- MATERIAL FOR THIS TASK:
┄┄┄┄┄┄┄┄┄┄
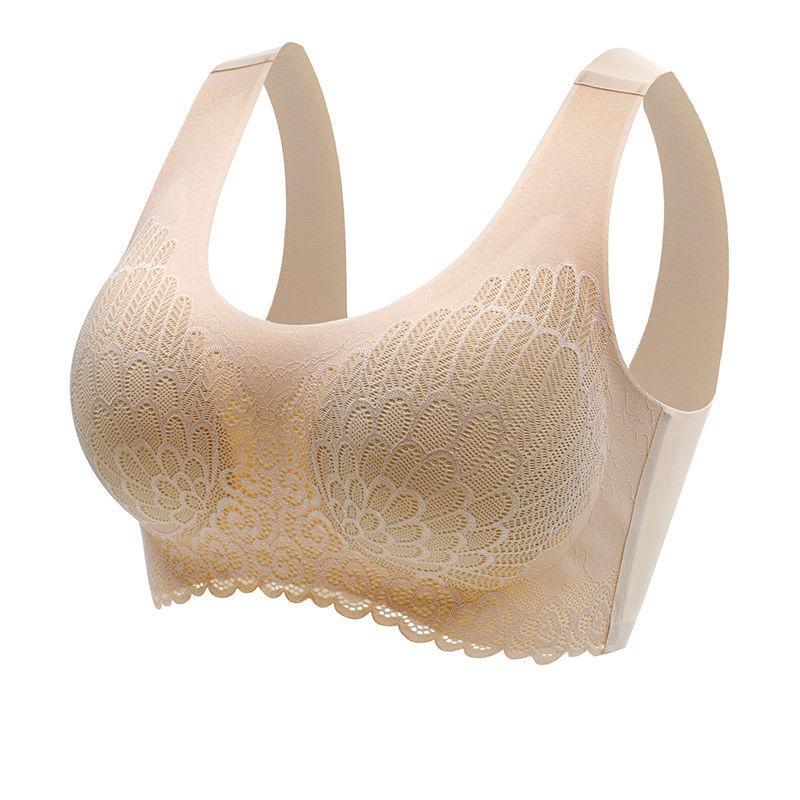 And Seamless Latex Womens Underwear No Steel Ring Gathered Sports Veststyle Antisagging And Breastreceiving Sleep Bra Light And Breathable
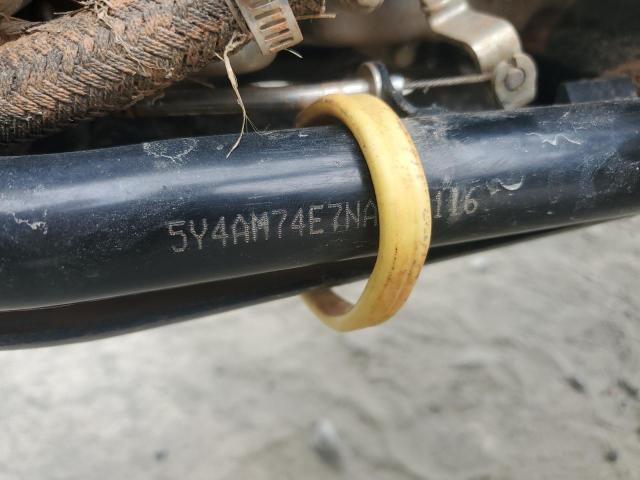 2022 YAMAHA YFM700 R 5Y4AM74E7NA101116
┄┄┄┄┄┄┄┄┄┄
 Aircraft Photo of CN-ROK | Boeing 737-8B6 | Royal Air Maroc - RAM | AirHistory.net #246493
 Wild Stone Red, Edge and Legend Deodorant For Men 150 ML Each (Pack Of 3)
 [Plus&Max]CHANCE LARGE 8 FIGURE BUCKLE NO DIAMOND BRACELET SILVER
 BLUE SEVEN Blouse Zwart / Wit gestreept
┄┄┄┄┄┄┄┄┄┄
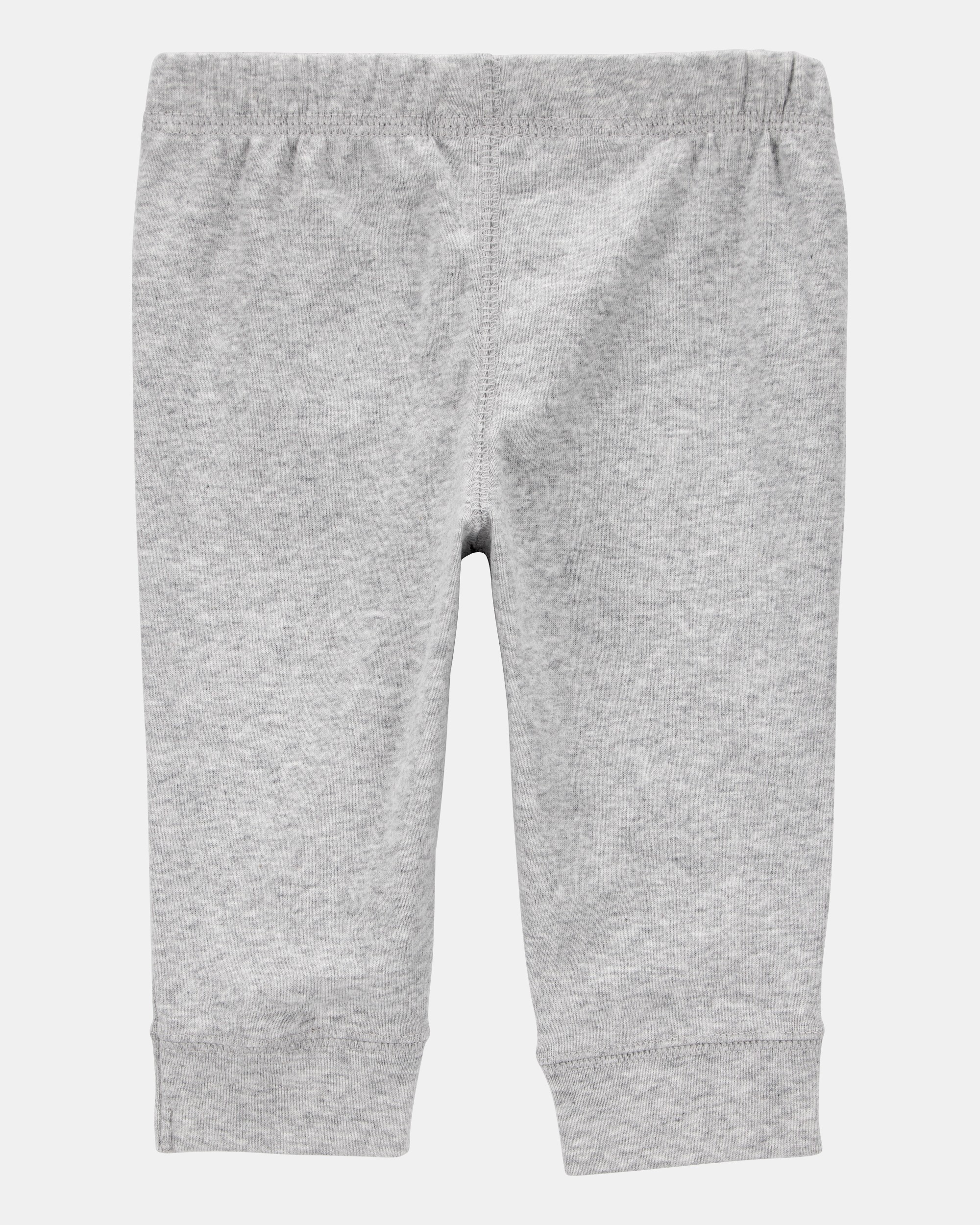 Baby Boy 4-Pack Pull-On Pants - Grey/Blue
┄┄┄┄┄┄┄┄┄┄
- THE TASK:
Using the entries above, output exactly the lines between the line holding "Wild Stone Red, Edge" and the line holding "BLUE SEVEN Blouse Zwart / Wit gestreept", end lines included, and nothing more.

- OUTPUT BELOW:
 Wild Stone Red, Edge and Legend Deodorant For Men 150 ML Each (Pack Of 3)
 [Plus&Max]CHANCE LARGE 8 FIGURE BUCKLE NO DIAMOND BRACELET SILVER
 BLUE SEVEN Blouse Zwart / Wit gestreept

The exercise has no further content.